● **TASK DESCRIPTION**: Starting at the line with "FemPro Multi-Herbal Capsules" and ending at the line with "Badmeubel ESV-MMG-9100D wit", print exactly the lines of the entries below. Pictures do not belong in the copy.

● **RECORDS TO PROCESS**:
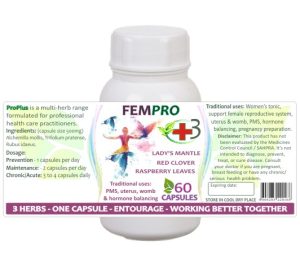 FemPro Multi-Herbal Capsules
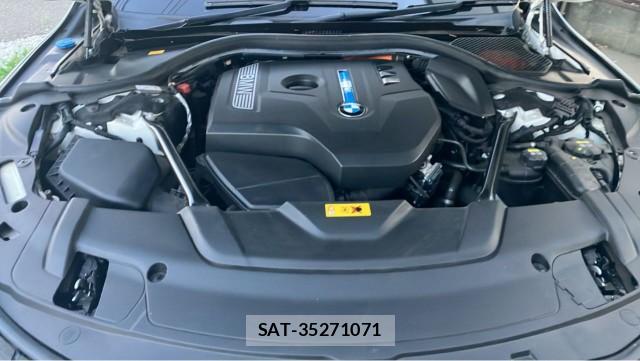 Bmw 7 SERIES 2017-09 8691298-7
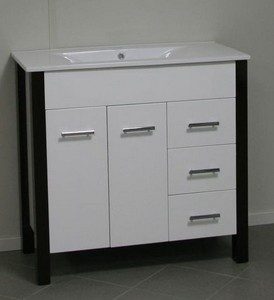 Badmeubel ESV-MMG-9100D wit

==

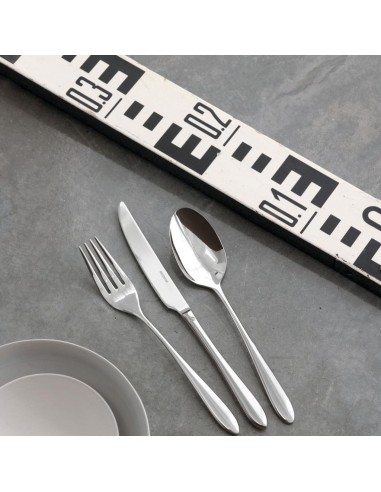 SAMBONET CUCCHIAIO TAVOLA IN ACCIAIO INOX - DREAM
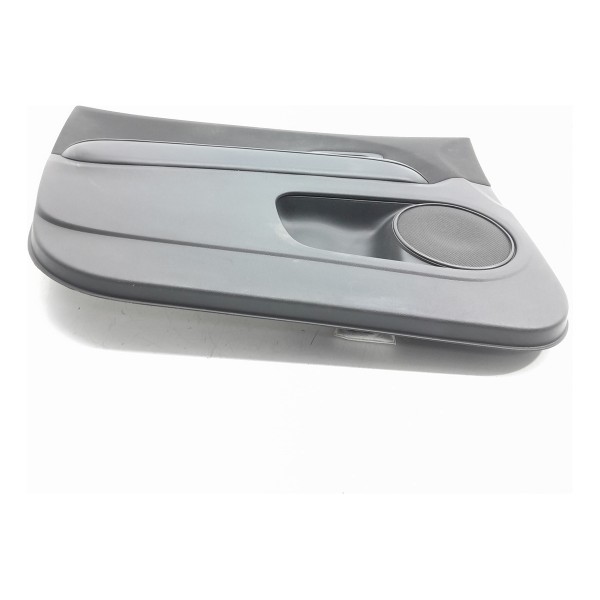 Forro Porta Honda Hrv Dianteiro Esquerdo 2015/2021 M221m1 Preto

● **EXERCISE ANSWER**:
 FemPro Multi-Herbal Capsules
 Bmw 7 SERIES 2017-09 8691298-7
 Badmeubel ESV-MMG-9100D wit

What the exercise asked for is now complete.